ASP vs Proof of Innocence: The Two Compliance Paradigms for Privacy Pools

The Compliance Fork

Every privacy pool must answer the same question: how do you let honest users prove they're honest — without revealing who they are?

The answer has split into two camps.

Inclusion-based compliance says: "Prove you belong to a set of approved participants." An independent operator maintains a list of vetted addresses. When you withdraw, you generate a zero-knowledge proof that your deposit came from one of those addresses. The verifier learns that someone approved is withdrawing — but not who.

Exclusion-based compliance says: "Prove you are NOT on a list of known bad actors." A set of list providers maintains blacklists of sanctioned addresses, exploit wallets, and flagged activity. When you shield tokens, the system checks that your source wallet isn't on any list. If it passes, you receive a proof of non-inclusion that follows your funds.
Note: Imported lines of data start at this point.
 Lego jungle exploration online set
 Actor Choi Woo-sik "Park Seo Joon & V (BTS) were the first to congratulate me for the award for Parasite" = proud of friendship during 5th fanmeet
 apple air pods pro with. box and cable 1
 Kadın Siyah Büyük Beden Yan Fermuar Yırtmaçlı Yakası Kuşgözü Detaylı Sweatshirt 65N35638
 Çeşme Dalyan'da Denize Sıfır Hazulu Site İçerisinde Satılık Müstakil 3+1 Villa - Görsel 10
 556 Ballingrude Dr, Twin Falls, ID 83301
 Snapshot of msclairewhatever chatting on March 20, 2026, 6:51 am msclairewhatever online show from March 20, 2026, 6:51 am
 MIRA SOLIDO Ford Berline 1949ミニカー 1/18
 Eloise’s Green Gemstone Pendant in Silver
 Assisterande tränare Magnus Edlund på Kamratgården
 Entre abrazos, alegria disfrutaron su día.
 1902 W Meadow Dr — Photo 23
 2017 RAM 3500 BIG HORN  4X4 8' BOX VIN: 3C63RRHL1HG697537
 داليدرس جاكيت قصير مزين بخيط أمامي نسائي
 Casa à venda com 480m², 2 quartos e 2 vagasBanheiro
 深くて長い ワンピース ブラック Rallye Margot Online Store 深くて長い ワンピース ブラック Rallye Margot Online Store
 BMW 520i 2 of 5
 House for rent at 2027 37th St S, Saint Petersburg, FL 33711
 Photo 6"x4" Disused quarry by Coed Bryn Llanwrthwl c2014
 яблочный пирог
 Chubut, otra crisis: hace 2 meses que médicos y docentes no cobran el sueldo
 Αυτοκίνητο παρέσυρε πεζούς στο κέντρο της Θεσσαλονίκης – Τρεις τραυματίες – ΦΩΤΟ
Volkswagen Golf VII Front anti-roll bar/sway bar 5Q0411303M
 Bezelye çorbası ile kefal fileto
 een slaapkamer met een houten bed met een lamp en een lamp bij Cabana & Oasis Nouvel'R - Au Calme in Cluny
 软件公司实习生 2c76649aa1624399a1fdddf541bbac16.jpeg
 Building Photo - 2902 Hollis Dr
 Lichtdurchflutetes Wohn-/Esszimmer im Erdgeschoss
The first approach is used by Association Set Providers (ASPs), the compliance model in Privacy Pools and Universal Private Pool. The second is Private Proof of Innocence (PPOI), the compliance model in RAILGUN.

Both claim to solve "compliant privacy." They do not solve it the same way. The architectural differences affect anonymity sets, fund safety, regulatory posture, and what happens when something goes wrong. This article unpacks both approaches — starting with what each one does for a non-technical reader, then going layer by layer into the game theory, failure modes, and cryptographic mechanics.

What ASPs Do

An Association Set Provider is a compliance operator that maintains an allowlist of addresses and publishes it on-chain as a Merkle tree root.

The workflow:

1. A user deposits tokens into the privacy pool. The deposit is public — the depositor's address (the "origin") is visible on-chain.
2. An ASP operator evaluates the origin address against its compliance criteria. This could be sanctions screening (OFAC, EU, UN), KYC verification, behavioral analysis, or any other standard. Different ASPs apply different criteria.
3. If the address passes, the ASP adds it as a leaf in its Merkle tree: leaf = Poseidon(address). The tree is rebuilt and the new root is published to an on-chain registry — the AttestationHub or ASPRegistryHub.
4. When the user wants to withdraw or transfer privately, they generate a ZK proof demonstrating: "My note's origin address is a member of this ASP's Merkle tree." The proof reveals nothing about which address — only that it's in the approved set.
5. The smart contract verifies the proof and the ASP root. If either check fails, the transaction reverts.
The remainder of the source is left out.